* **Task statement**:
Begin the copy at the line containing "HUGO BOSS Bikerjacke mit Gürtel - Rot Rot" in the data below and end it at the line containing "Saint Laurent Twill Skirt | Thumbnail 4 Saint", keeping each line exact and leaving out pictures.

:: The data

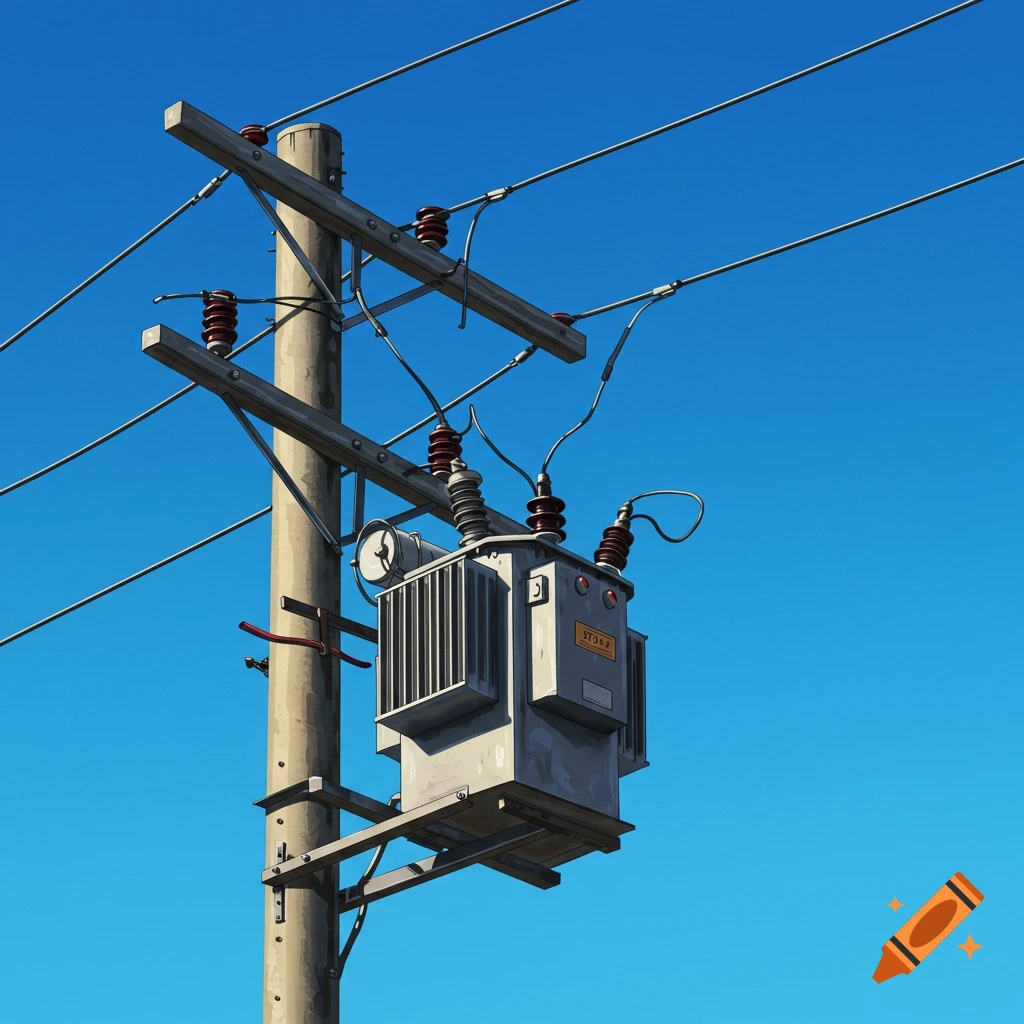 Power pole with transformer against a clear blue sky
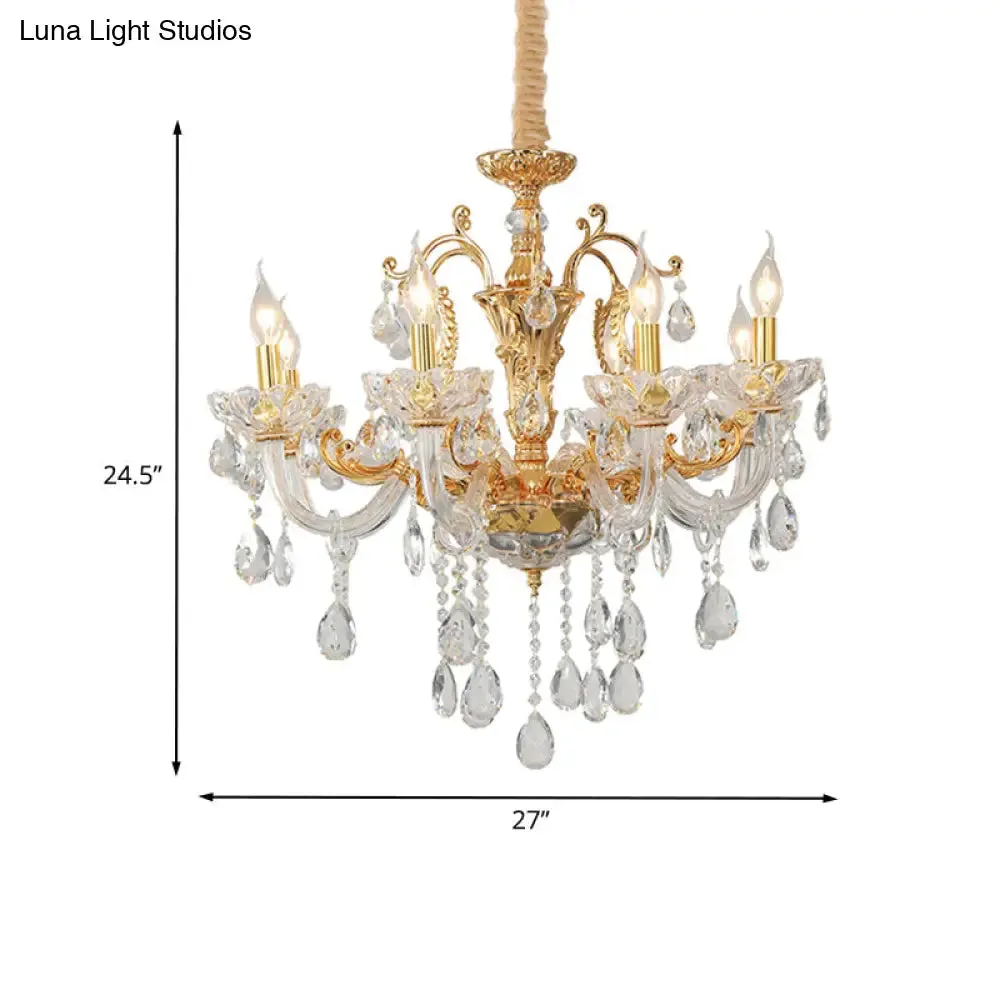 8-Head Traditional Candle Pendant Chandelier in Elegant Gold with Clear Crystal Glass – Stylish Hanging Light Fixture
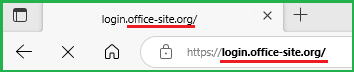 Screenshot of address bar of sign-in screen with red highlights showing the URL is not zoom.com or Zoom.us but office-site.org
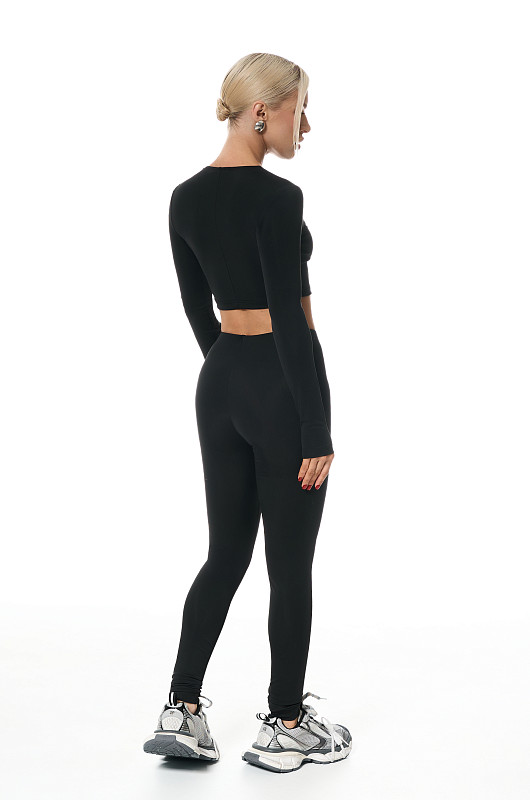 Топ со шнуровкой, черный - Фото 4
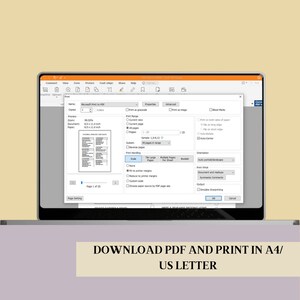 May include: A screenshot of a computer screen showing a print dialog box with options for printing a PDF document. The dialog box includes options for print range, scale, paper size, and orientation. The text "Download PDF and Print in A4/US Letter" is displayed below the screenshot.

::::
:: The data

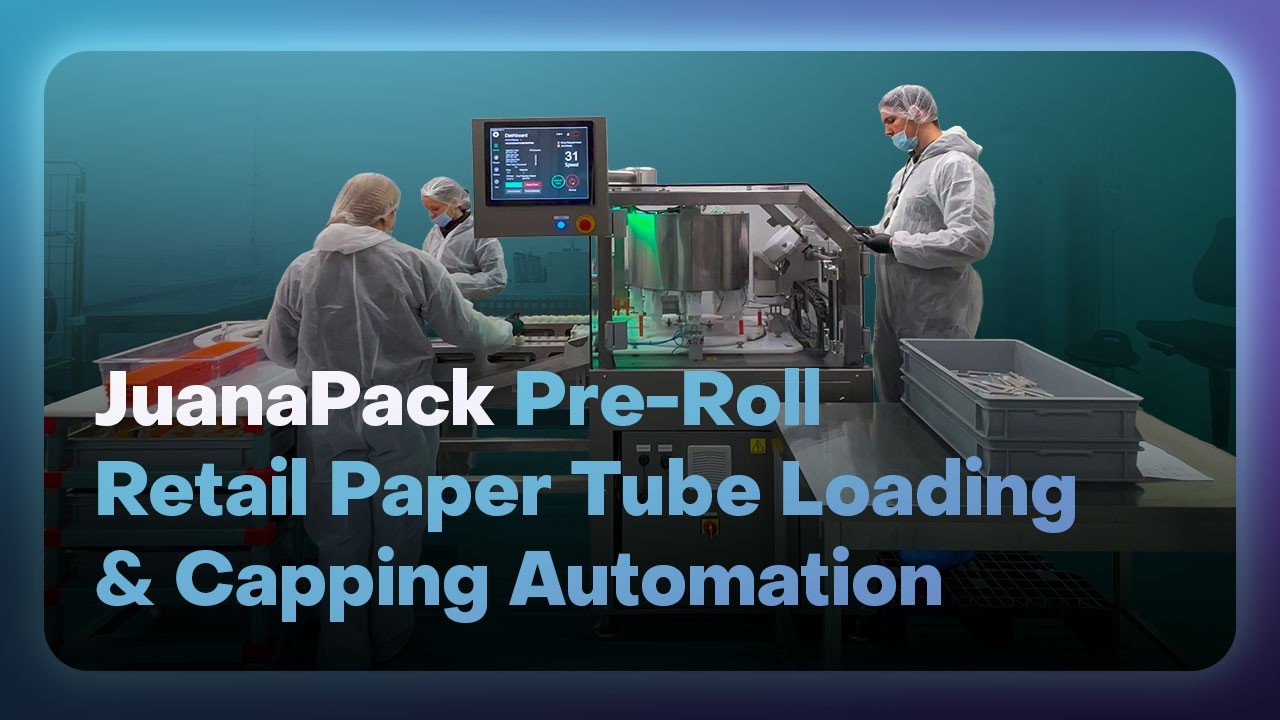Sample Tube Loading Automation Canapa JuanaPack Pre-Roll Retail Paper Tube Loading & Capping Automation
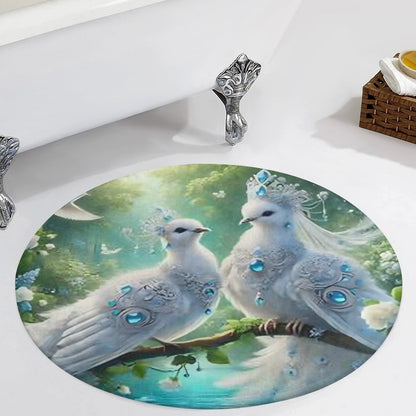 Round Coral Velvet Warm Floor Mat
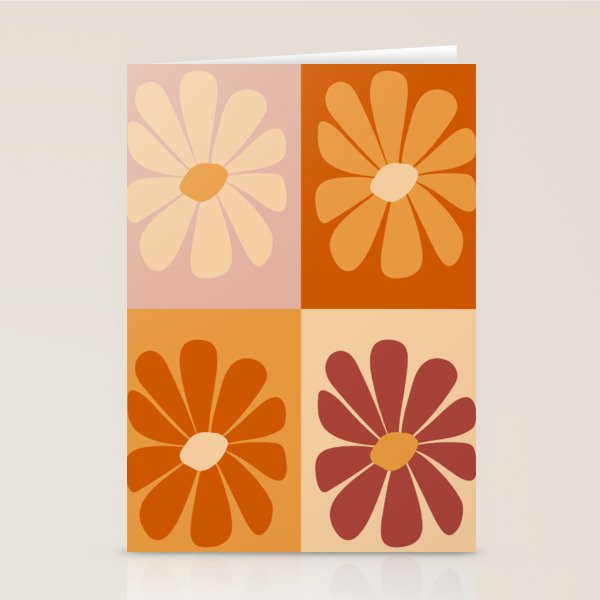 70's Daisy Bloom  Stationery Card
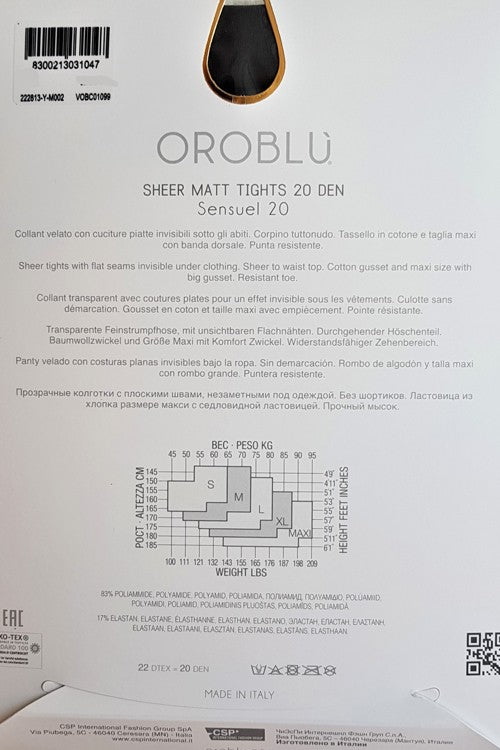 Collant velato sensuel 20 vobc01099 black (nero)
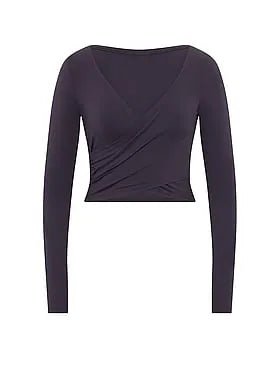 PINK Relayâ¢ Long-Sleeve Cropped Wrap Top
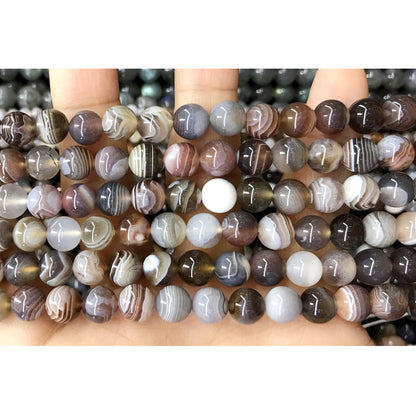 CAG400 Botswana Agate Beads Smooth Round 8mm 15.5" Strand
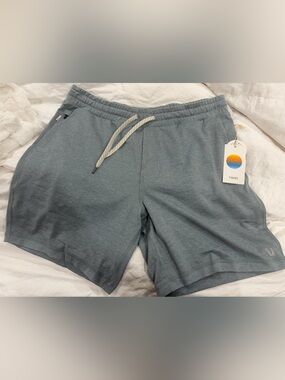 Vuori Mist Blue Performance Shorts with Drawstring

::::
:: The data

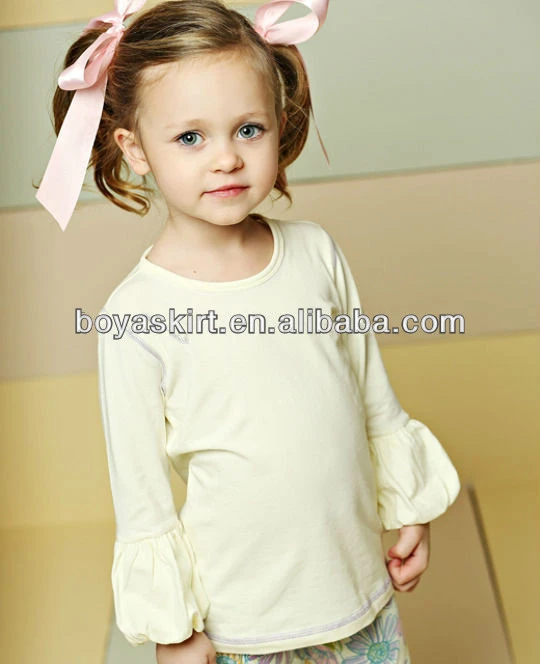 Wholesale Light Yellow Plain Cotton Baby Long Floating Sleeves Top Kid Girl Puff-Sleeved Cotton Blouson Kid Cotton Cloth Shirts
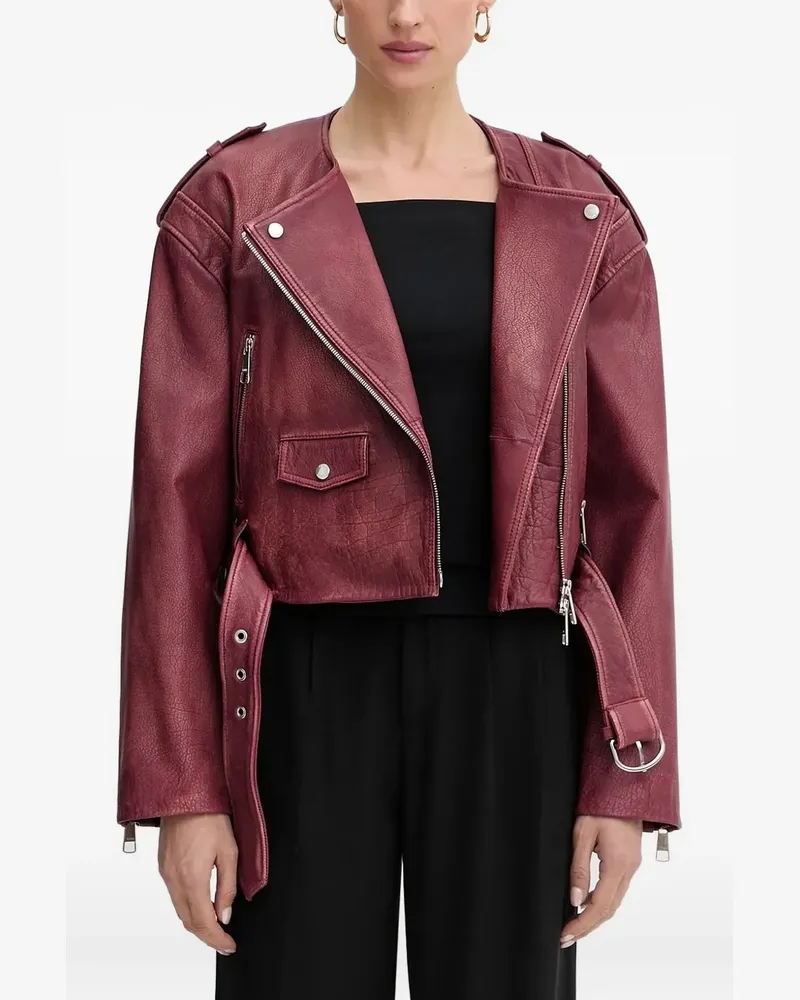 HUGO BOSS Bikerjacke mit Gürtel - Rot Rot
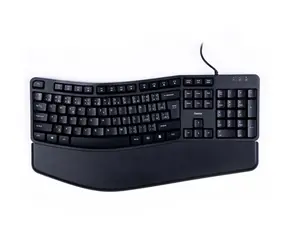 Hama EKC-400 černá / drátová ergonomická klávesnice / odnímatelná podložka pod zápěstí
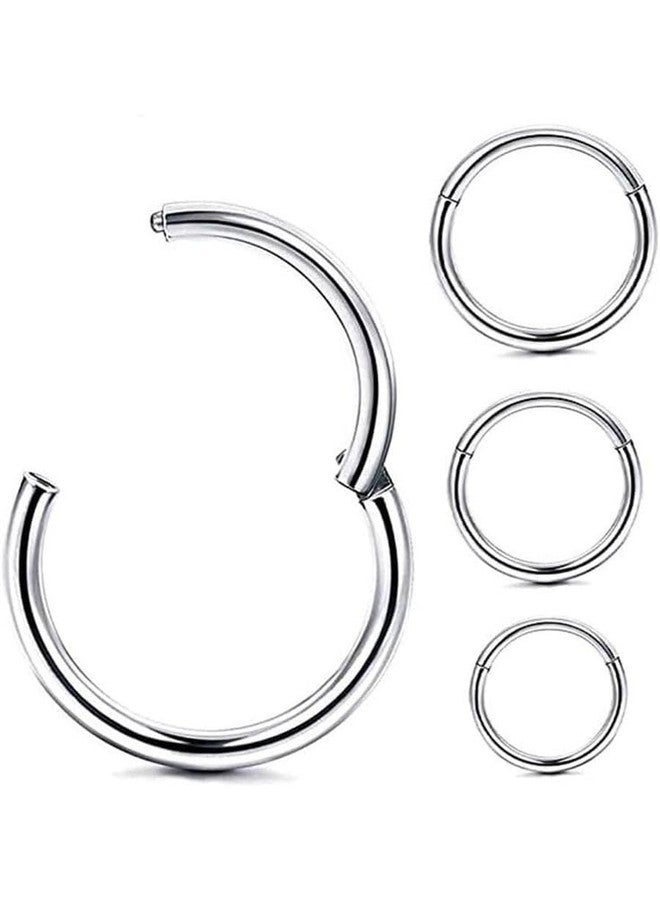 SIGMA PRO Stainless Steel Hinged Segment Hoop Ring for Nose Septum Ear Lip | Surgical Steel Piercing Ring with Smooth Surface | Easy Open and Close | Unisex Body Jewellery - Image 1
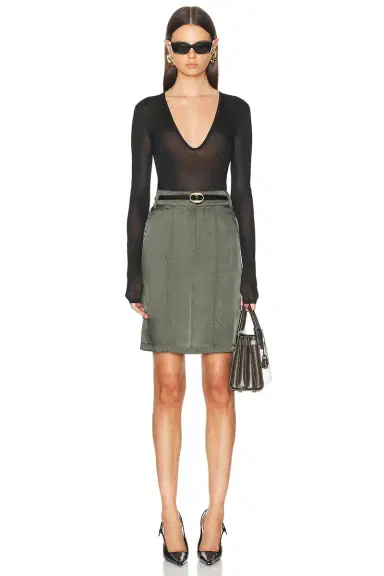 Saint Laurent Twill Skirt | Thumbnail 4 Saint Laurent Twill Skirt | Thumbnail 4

::::

* **Answer**:
 HUGO BOSS Bikerjacke mit Gürtel - Rot Rot
 Hama EKC-400 černá / drátová ergonomická klávesnice / odnímatelná podložka pod zápěstí
 SIGMA PRO Stainless Steel Hinged Segment Hoop Ring for Nose Septum Ear Lip | Surgical Steel Piercing Ring with Smooth Surface | Easy Open and Close | Unisex Body Jewellery - Image 1
 Saint Laurent Twill Skirt | Thumbnail 4 Saint Laurent Twill Skirt | Thumbnail 4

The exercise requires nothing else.